◆ **Exercise brief**: Every entry is to be returned as it stands, apart from the pictures.

◆ **Input for this task**:

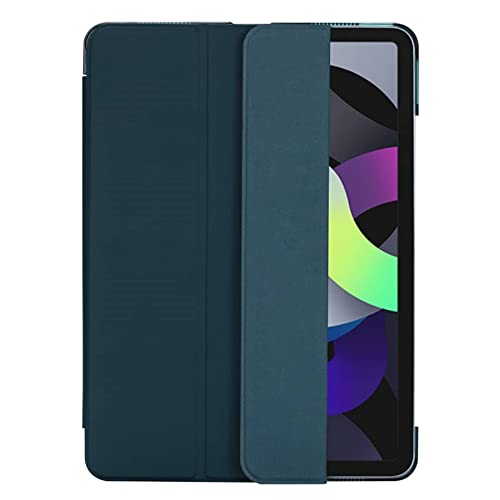 Smart Case For iPad 10.2-Inch 9th/8th/7th Generation 2021/2020/2019 with Auto Wake/Sleep Magnetic Lightweight Protective tablet cover (Emerald Green)… - Image 4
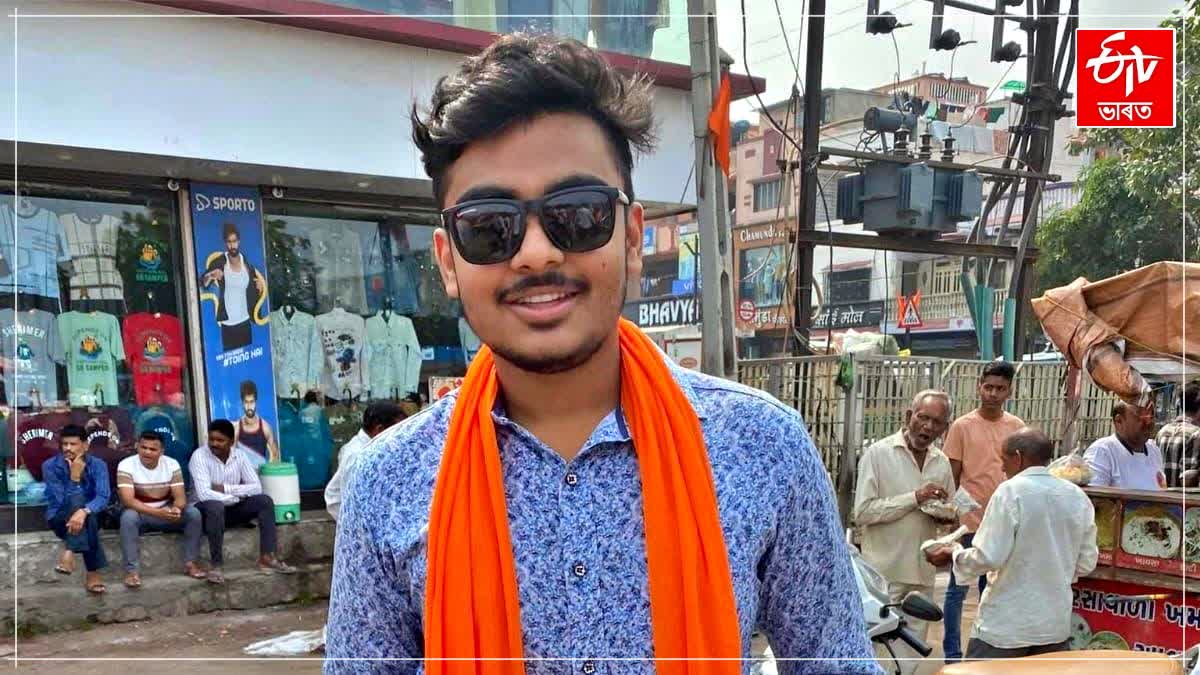 Gujarat BJP Yuva Morcha Vice President Brutally Murdered in Public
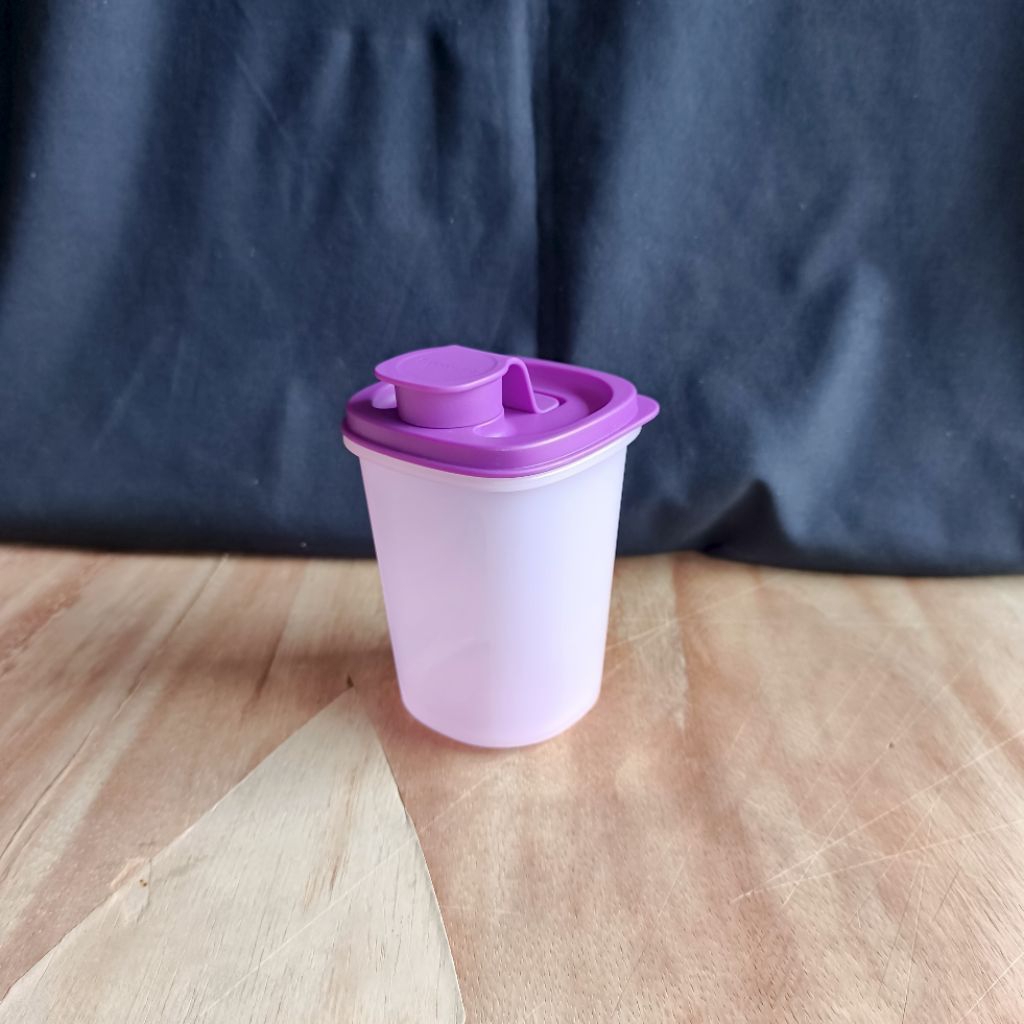 Ezy Pour 440 mL (1) | Breezy Pour Cooking Oil | Cetakan Kue – Tupperware – Masa Penghabisan – Murah 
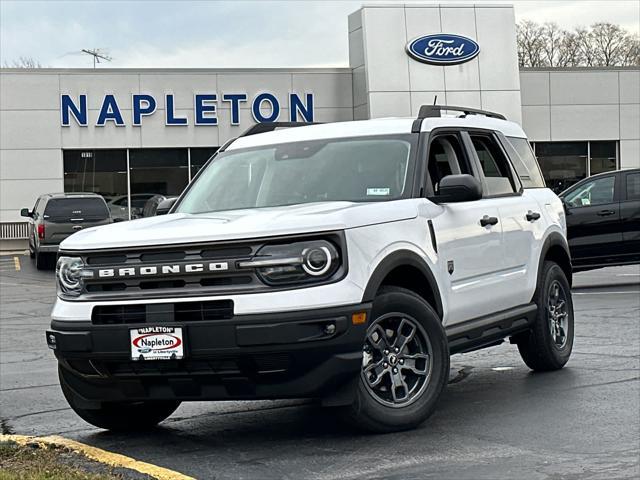 new 2024 Ford Bronco Sport car, priced at $28,167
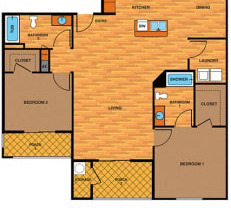 Partner-provided photo for $1763 unit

◆ **Expected answer**:
 Smart Case For iPad 10.2-Inch 9th/8th/7th Generation 2021/2020/2019 with Auto Wake/Sleep Magnetic Lightweight Protective tablet cover (Emerald Green)… - Image 4
 Gujarat BJP Yuva Morcha Vice President Brutally Murdered in Public
 Ezy Pour 440 mL (1) | Breezy Pour Cooking Oil | Cetakan Kue – Tupperware – Masa Penghabisan – Murah 
 new 2024 Ford Bronco Sport car, priced at $28,167
 Partner-provided photo for $1763 unit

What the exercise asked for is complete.